Ce ne sont donc pas tant les intentions politiques des électeurs qui ont changé que la formation avec laquelle les acteurs se lancent dans la bataille. Lors des élections présidentielles, six candidats de gauche au total se sont disputés les voix, qu’ils ont fini par s’arracher les uns aux autres. Aujourd’hui, Mélenchon a réussi à rassembler derrière sa bannière des écologistes, des socialistes et des communistes.

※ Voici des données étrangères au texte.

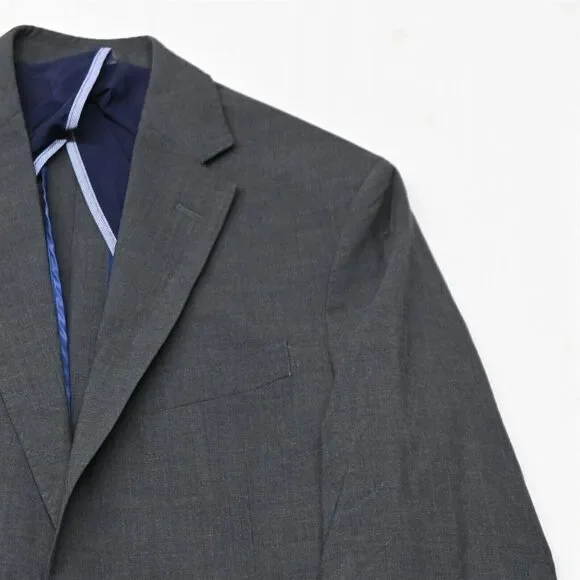 Cole Haan 40L Gray Grand OS Wool Stretch Mens Blazer Jacket Sport Coat‎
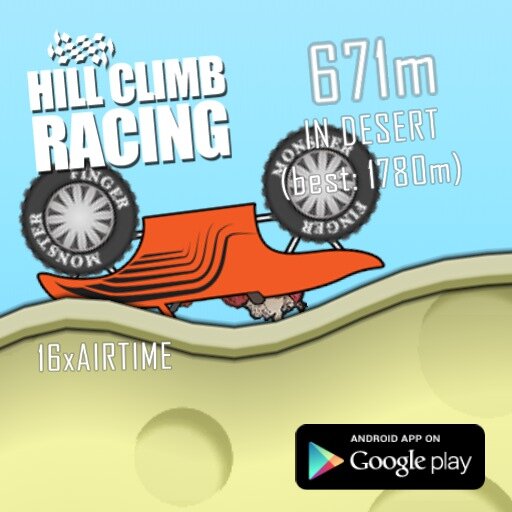 I reached 671m in desert. Check out how far you go: play.google.com/store/apps/det…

La droite classique est en revanche fragmentée ; dans certaines circonscriptions, trois, quatre, voire cinq candidats de droite ou d’extrême droite s’affronteront. Un désavantage difficilement rattrapable, car dans chacune des 577 circonscriptions, les décisions se prennent en deux tours et à la majorité, comme pour les élections présidentielles. Cela signifie que plus il y a de candidats de droite, plus les chances de chacun d’entre eux s’amenuisent. L’Alliance de gauche s’est donc entendue et n’en envoie qu’un ou une dans chaque circonscription.

Une manœuvre stratégique de la part de Mélenchon

Mélenchon a ainsi réussi à améliorer nettement les chances de la gauche – et à se positionner lui-même comme le principal challenger du président. Une manœuvre stratégique habile dont beaucoup ne l’auraient pas cru capable. Seulement, il ne s’agit pas d’un virage à gauche. Le nombre de Françaises et de Français qui s’enthousiasment pour les partis de gauche n’a pas augmenté jusqu’à présent, comme le montrent les sondages. Et même au sein de la gauche, notamment chez les Verts et les socialistes, nombreux sont ceux qui voient d’un mauvais œil l’alliance avec Mélenchon, opposé à l’OTAN et à l’UE. Si cette alliance devait un jour gouverner ensemble, les forces centrifuges seraient énormes. 

Mais cela ne semble de toute façon pas être le cas. Il est difficile de faire des prévisions trop précises pour les élections législatives en raison du système électoral ; dans de nombreuses circonscriptions, des accords politiques sont conclus entre le premier et le deuxième tour des élections. Mais pour obtenir une majorité à l’Assemblée nationale, l’alliance de Mélenchon devrait remporter plus de 280 mandats. Le dernier sondage de l’institut de recherche électorale Ipsos & Sopra Steria prévoit entre 165 et 195 sièges maximum pour la gauche, ce serait dans tous les cas un gain important, mais toujours loin d’une majorité.

Autrefois, les choses étaient simples. Il y avait des partis de gauche et des partis de droite, soit l’un, soit l’autre avait la majorité. Désormais, trois camps politiques s’affrontent en France de manière assez irréconciliable. La droite s’est déplacée de plus en plus vers la droite, la gauche de plus en plus vers la gauche. Et Macron tente de marquer un juste milieu en opposant tantôt les uns, tantôt les autres. Le pays oscille ainsi d’un extrême à l’autre. Le système électoral majoritaire, censé apporter de la stabilité, accroît l’incertitude. Hier à droite, aujourd’hui à gauche, les élections en France se transforment de plus en plus en loterie.